__Task item__. When the line containing "ford-9n-image-28" is found in the data below, copy it and each line after it through the line containing "18262 Evergreen Circle", exactly and with no others.

__Available records__.
╭──

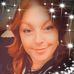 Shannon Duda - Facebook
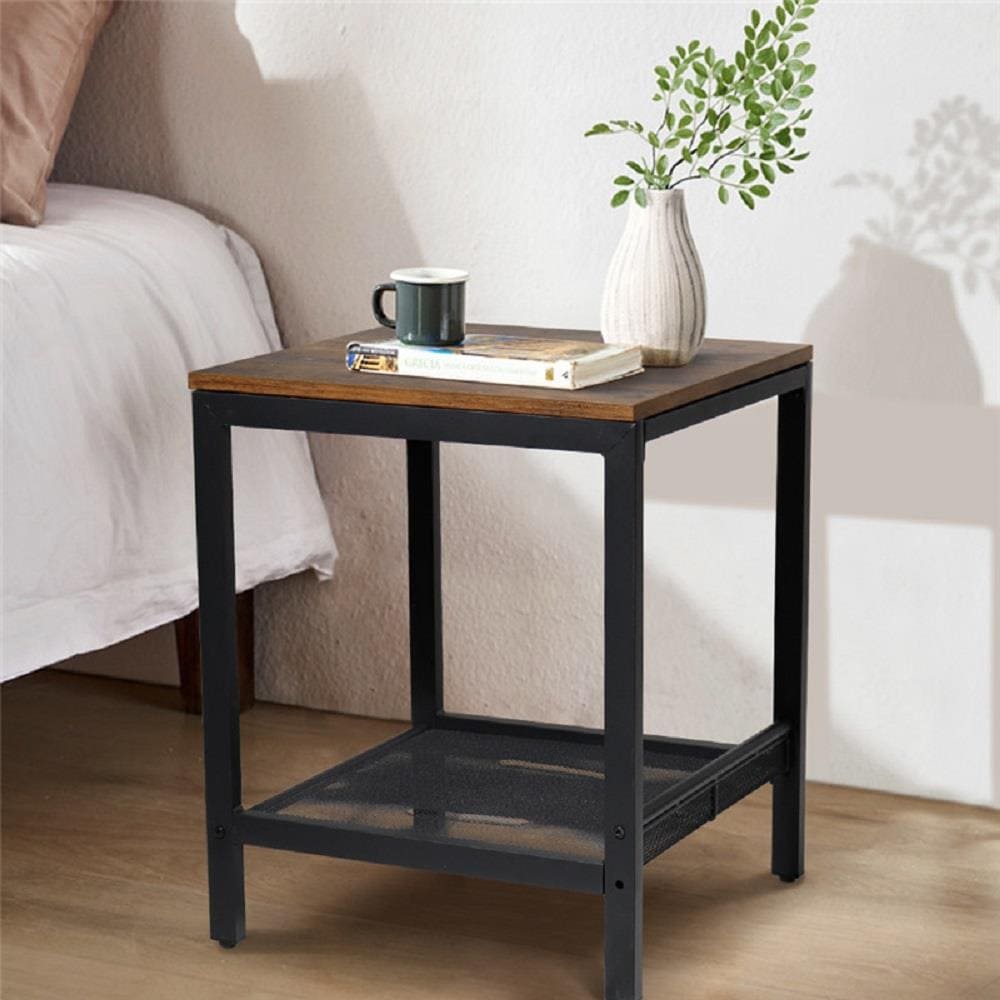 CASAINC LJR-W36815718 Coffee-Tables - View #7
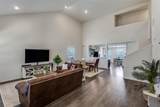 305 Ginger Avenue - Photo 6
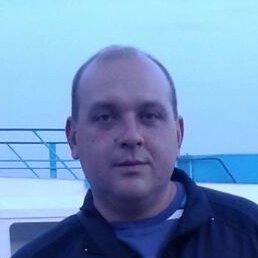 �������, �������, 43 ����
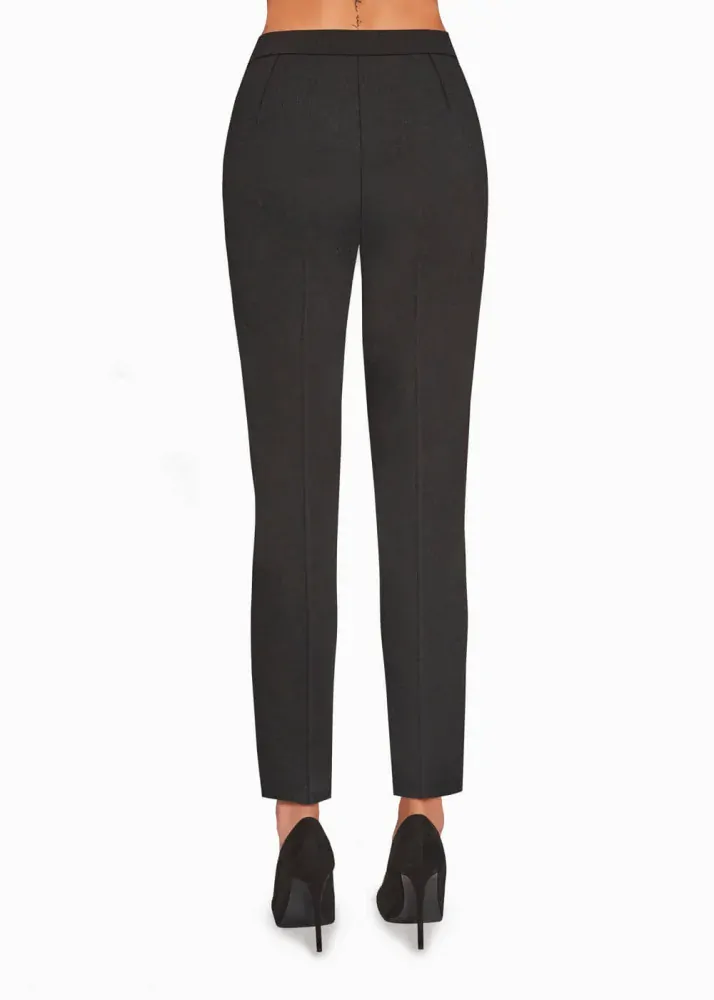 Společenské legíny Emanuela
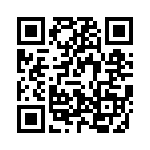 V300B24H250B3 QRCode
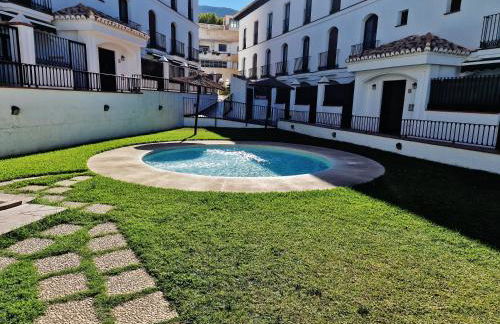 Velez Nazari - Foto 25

╰──
╭──

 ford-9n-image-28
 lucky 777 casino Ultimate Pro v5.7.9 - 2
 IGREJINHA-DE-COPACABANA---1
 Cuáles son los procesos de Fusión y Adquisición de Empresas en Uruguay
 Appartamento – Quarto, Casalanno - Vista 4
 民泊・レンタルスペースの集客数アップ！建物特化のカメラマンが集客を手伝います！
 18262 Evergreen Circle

╰──

__Answer for this exercise__.
 ford-9n-image-28
 lucky 777 casino Ultimate Pro v5.7.9 - 2
 IGREJINHA-DE-COPACABANA---1
 Cuáles son los procesos de Fusión y Adquisición de Empresas en Uruguay
 Appartamento – Quarto, Casalanno - Vista 4
 民泊・レンタルスペースの集客数アップ！建物特化のカメラマンが集客を手伝います！
 18262 Evergreen Circle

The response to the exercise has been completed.